* Task to carry out: From the line that contains "Toy Army - Gameplay" down to the final line below, please repeat each line exactly and nothing more, with no pictures.

======

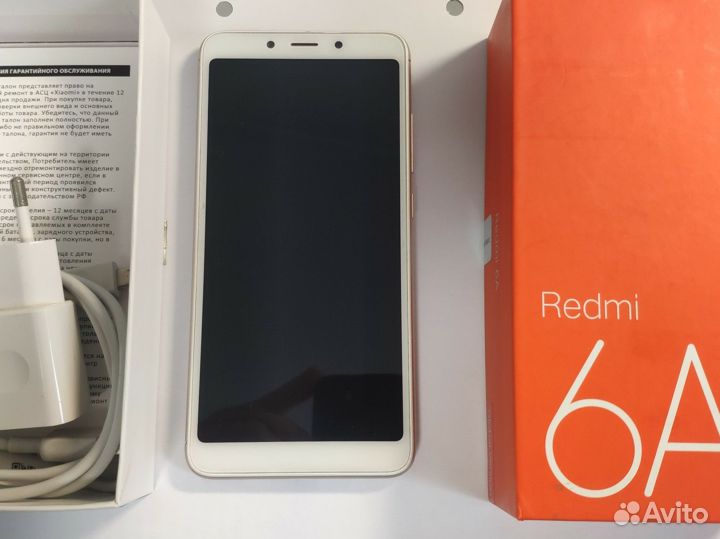 Xiaomi Redmi 6A, 2/16 ГБ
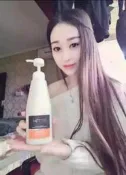 KMS 伉美沅美髮補水神器 /護髮素/免蒸護髮乳，2016年當紅最炙手可熱的明星產品(特大瓶500ML)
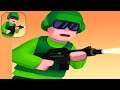 Toy Army - Gameplay Trailer All Levels (Android, iOS)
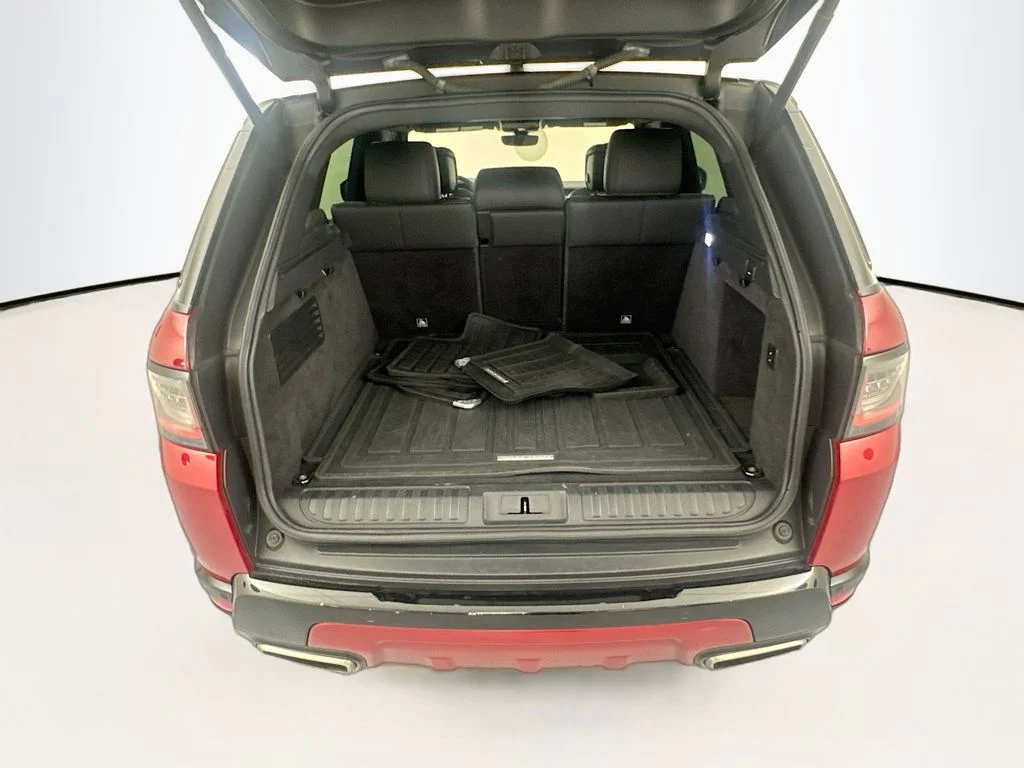 Used 2021 Red Land Rover HSE Silver Edition image 26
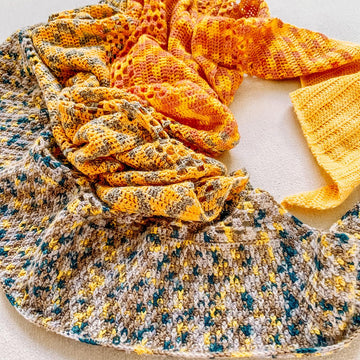 Honeycomb Shawl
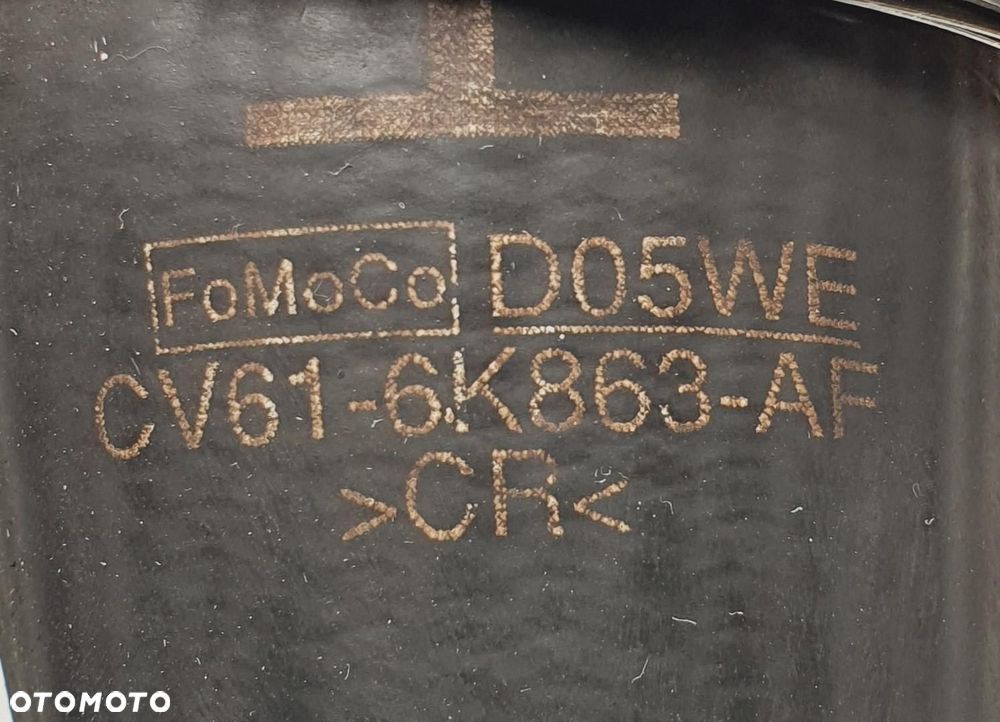 WĄŻ RURA INTERCOOLERA FORD FOCUS MK3 CV61-6K863-AF - 3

======

* Solution to this exercise:
 Toy Army - Gameplay Trailer All Levels (Android, iOS)
 Used 2021 Red Land Rover HSE Silver Edition image 26
 Honeycomb Shawl
 WĄŻ RURA INTERCOOLERA FORD FOCUS MK3 CV61-6K863-AF - 3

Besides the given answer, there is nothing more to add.